Records from a data collection
□ □ □
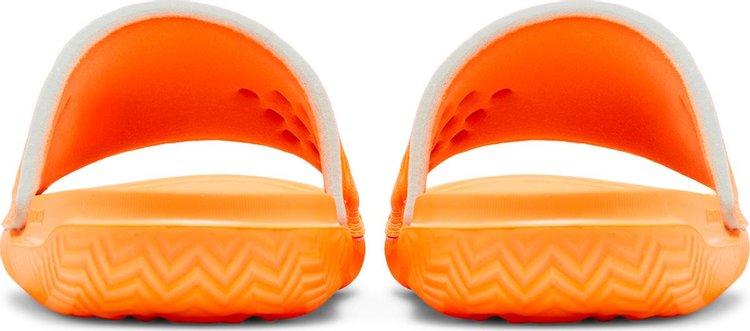 Jordan Play Slide Bright Citrus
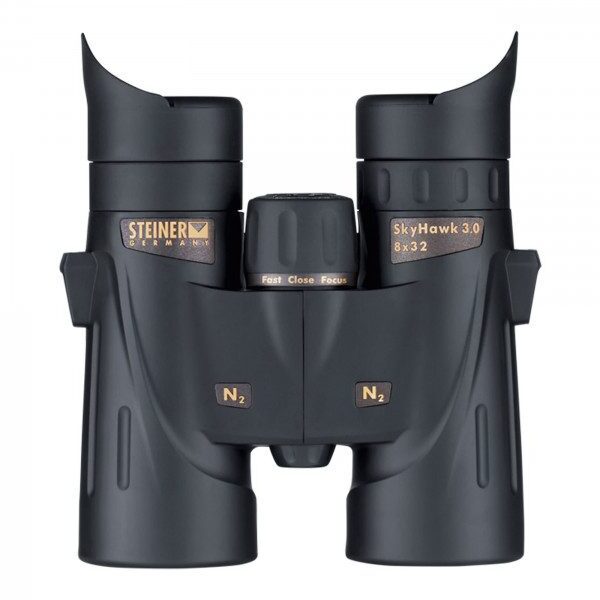 دوربین شکاری اشتاینر اسکای هاوک Steiner SkyHawk 3.0 8×32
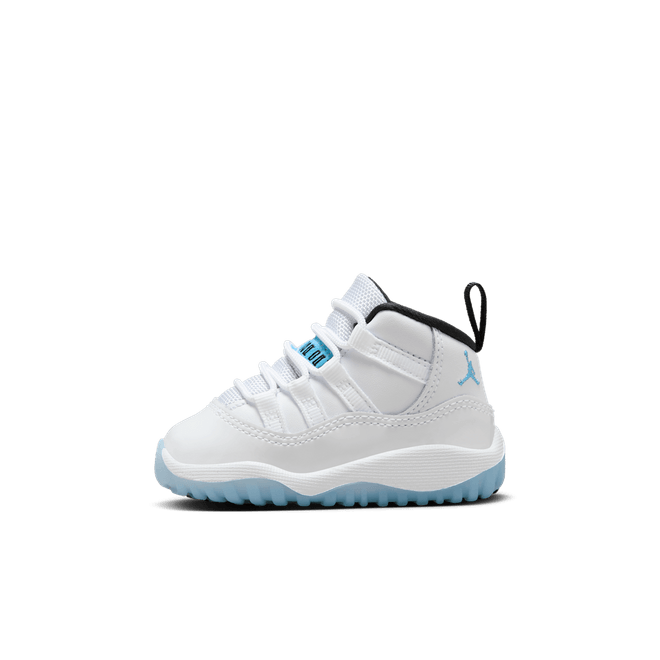 Air Jordan 11 Retro TD 'Legend Blue' - 2024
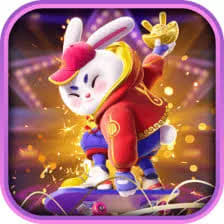 fortune rabbit modo demo ícone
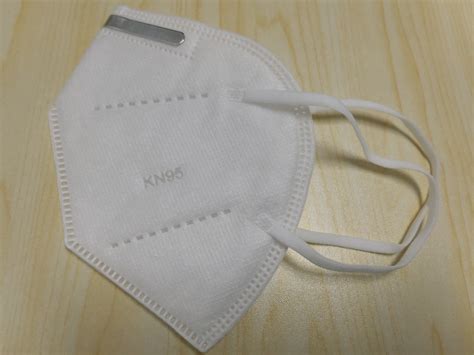 are kn95 masks from china safe to use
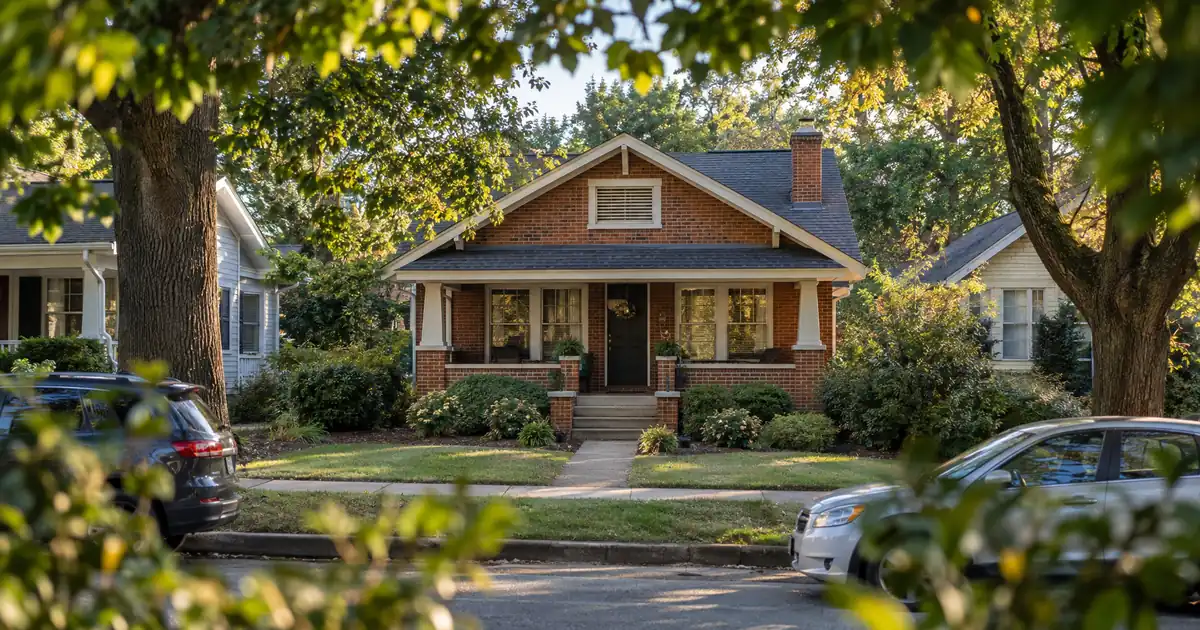 DSCR Cash Out Refinance in Rocky Mount, North Carolina: Can Rocky Mount Rents Cover the New Loan?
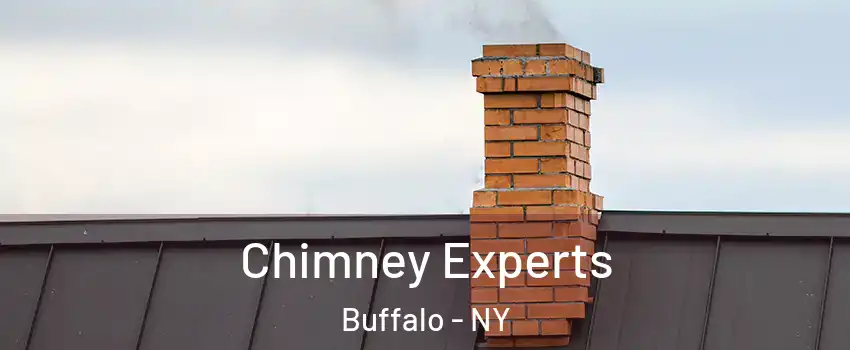  Chimney Experts Buffalo - NY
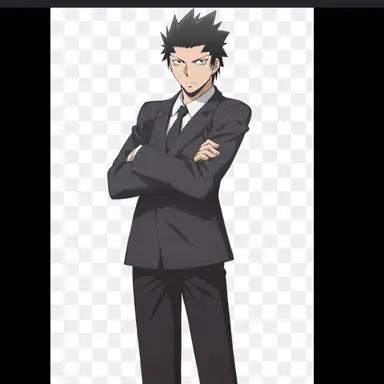 Profile image of 烏間先生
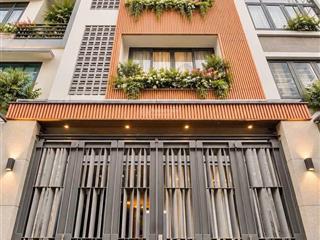 Cô hà cần bán gấp nhà đường nguyễn thị diệu, p. xuân hòa, 85m2  3 lầu, 4pn, sổ sẵn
□ □ □
Word for word, restate all of the records. Exclude the pictures.

 Jordan Play Slide Bright Citrus
 دوربین شکاری اشتاینر اسکای هاوک Steiner SkyHawk 3.0 8×32
 Air Jordan 11 Retro TD 'Legend Blue' - 2024
 fortune rabbit modo demo ícone
 are kn95 masks from china safe to use
 DSCR Cash Out Refinance in Rocky Mount, North Carolina: Can Rocky Mount Rents Cover the New Loan?
  Chimney Experts Buffalo - NY
 Profile image of 烏間先生
 Cô hà cần bán gấp nhà đường nguyễn thị diệu, p. xuân hòa, 85m2  3 lầu, 4pn, sổ sẵn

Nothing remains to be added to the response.